Markanın yeni yüzü olan Bear 650 modeli ise adını, Kalifornia’daki zorlu çöl yarışı “Big Bear Run” dan alıyor. 1960 yılında, 500 cc’lik Royal Enfield Fury’si ile 16 yaşında olan Eddie Mulder yarışı kazanıyor.

Royal Enfield ellerindeki 650 cc hacmindeki, kullanıcı dostu, ekonomik ve güvenilir motor bloğunu hem “Interceptor” hem de “Continental GT” modellerinde kullanıyordu. Şimdi ise “scrambler” özellikleri sunan arazi kullanımına uygun yolda da beklentileri karşılayabilen Bear 650’yi piyasaya sürdüler.
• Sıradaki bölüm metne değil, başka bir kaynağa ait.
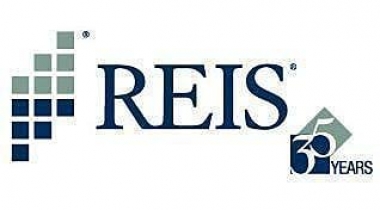 REIS Real Estate Solutions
Önceki modellerde 18 inçlik jantlar yer alırken yeni modelde önde 19 inç arkada ise 17 inçlik jant kombinasyonu, scrambler tarzı sele, yenilenmiş süspansiyonlar ile yerden daha yüksek hale gelen Bear 650’nin sundukları ile daha genç kitlelere hitap etmesi bekleniyor.

Hadi beraber Royal Enfield Bear 650 modelinin detaylarını inceleyelim.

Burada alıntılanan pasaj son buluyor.